## [PROBLEM DESCRIPTION]
Report every line in the listing that contains the string "toilet".

THE RECORDS section start

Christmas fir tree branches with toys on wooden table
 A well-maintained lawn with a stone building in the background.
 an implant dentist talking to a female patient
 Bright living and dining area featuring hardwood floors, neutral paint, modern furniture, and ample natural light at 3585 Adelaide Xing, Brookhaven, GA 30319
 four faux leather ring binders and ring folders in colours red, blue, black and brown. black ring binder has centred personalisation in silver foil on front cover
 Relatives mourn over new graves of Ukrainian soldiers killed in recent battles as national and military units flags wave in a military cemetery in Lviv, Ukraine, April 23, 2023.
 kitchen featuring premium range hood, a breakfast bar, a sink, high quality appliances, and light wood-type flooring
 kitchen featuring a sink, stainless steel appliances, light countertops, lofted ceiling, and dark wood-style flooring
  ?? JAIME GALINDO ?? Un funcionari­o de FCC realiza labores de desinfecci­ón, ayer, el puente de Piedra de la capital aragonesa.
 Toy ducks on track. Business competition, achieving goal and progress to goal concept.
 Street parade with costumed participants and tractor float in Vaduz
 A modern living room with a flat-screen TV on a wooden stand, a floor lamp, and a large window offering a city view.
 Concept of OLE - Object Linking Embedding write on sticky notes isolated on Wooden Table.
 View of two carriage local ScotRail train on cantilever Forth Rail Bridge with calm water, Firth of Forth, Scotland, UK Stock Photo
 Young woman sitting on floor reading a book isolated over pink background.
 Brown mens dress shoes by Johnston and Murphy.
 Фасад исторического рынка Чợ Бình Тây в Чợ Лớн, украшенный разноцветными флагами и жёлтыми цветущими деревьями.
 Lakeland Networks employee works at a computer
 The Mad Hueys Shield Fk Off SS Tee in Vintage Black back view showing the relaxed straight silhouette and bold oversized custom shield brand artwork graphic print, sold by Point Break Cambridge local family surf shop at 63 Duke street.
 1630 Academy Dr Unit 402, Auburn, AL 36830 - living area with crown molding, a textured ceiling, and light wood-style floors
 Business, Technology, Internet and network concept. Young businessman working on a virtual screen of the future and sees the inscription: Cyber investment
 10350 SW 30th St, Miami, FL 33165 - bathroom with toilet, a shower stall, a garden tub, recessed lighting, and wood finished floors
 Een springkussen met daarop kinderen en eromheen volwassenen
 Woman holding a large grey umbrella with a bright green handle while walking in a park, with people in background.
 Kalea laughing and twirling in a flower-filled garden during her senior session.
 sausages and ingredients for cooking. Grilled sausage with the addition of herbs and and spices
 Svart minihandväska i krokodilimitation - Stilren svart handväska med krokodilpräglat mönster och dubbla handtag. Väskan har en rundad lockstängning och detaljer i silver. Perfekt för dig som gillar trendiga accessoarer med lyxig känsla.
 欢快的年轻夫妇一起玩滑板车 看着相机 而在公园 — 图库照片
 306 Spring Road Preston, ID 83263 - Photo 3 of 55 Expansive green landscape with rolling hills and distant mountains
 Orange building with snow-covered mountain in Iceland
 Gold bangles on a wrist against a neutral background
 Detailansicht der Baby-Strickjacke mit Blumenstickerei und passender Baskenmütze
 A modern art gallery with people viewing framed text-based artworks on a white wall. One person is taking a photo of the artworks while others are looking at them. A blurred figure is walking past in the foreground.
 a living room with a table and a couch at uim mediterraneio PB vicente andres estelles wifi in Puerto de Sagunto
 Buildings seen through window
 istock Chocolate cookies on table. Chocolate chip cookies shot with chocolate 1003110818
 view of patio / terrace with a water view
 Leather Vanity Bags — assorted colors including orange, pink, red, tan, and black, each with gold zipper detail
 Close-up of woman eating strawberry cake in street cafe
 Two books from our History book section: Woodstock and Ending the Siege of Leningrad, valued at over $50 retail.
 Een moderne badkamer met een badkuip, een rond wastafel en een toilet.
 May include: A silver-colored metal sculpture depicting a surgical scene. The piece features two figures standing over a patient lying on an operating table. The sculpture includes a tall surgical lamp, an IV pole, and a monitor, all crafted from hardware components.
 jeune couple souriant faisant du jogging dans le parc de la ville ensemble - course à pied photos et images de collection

THE RECORDS section end

## [PROBLEM SOLUTION]
 10350 SW 30th St, Miami, FL 33165 - bathroom with toilet, a shower stall, a garden tub, recessed lighting, and wood finished floors
 Een moderne badkamer met een badkuip, een rond wastafel en een toilet.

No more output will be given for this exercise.